Mia is Inclusion

When Pieter Valk travels, he follows his stomach. On a recent trip to the Twin Cities, the Nashville resident and his friends ate their way across town. So when a local contact told him that Mia was a must-visit, he took a tasting-sampler approach. “I want to be a person who enjoys art,” he says. “It’s like learning to like coffee, or whiskey, or sushi. It’s something I’m not used to enjoying.”

Valk is a clinical mental health counselor and runs a nonprofit focused on LGBTQI issues. He has little patience for pretense, which had spoiled previous visits to art museums— visitors, left to their own devices, pretending to know more than they did. “I was definitely trying to avoid that,” he says.

Mia was different. He took a self-guided audio tour that would literally speak to him. “For me, sixty seconds from an expert really help provide some grounding,” he says. “It gave me something concrete as a jumping- off point to explore the piece myself.”

He found himself intrigued by paintings of celibate people—desert monks and cave ascetics. “Being gay and Christian, I’ve often wondered how Christians across the ages have made sense of their sexualities,” he says.
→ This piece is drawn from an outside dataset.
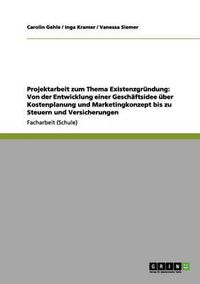 Cover image for Projektarbeit zum Thema Existenzgrundung: Von der Entwicklung einer Geschaftsidee uber Kostenplanung und Marketingkonzept bis zu Steuern und Versicherungen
The art, made much later than the scenes they depicted, got him thinking about how ideas are communicated across time. “How much are these depictions shaping how we see things today?” he asks.

Valk spent two and a half hours in the galleries, an experience that honed his palate for future visits to art museums. “Art is here to inspire us,” he says. “I needed to discover what parts I personally found sweet or salty. But sometimes our taste buds don’t know what to look for. That’s why I needed an expert to guide my visual tastebuds.”